Naturally, at this point, Lara's handlers (Mark and Shazzer: see way, way above) decide they need someone to pretend to be the bride to throw the paparazzi off of Lara's trail. You might call this person a...camouflage bride. Or an imitation bride. Or something else, I don't know. Mark and Shazzer decide that Katie can totally be the fake bride, despite the fact that she looks absolutely nothing like Lara Tyler. Whatever, it's not like The Doctor will notice. Oh, because did I mention? They're not going to tell The Doctor that he's marrying the wrong woman. This is all just to fool the media.

At this point, The Doctor and Katie have already had the most ridiculous meet-cute in the history of meet-cutes, in a bathroom (outhouse?) THAT IS HAUNTED BY A COW. You'll be surprised to know that, though WE know they are perfect for each other, they don't really hit it off at first. Later, they'll discover that they pretty much hate each other. So don't get your hopes up about them getting together or anything.
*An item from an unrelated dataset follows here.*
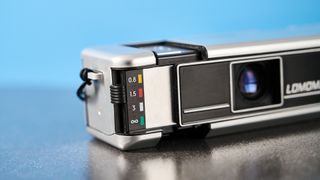 A gray Lomography Lomomatic 110 film camera in the metal variant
Yeah, so then The Doctor and Katie-fake-Lara get FOR REAL married (I don't remember how this happened, exactly) and real-Lara is missing and I think falling in love with the paparazzi guy? This is the part of the movie where I stopped paying that much attention. The Doctor and Katie fight for a while, then come to a mutual understanding and respect for one another, and then Katie decides they should get divorced and he should go marry Lara, even though you can tell neither of them wants that to happen. So that's what he does. OR DOES HE? (Nope.)

In the end, there's the completely tragic misunderstanding that is a rom-com requirement and you might worry that our two heroes are destined to spend their lives apart but SPOILER ALERT they don't. And it's actually kind of adorable but that might just be because the combined adorableness of Kelly Macdonald and David Tennant could power a town full of puppies.

Or kittens.

A million stars! says Roger Ebert no one ME.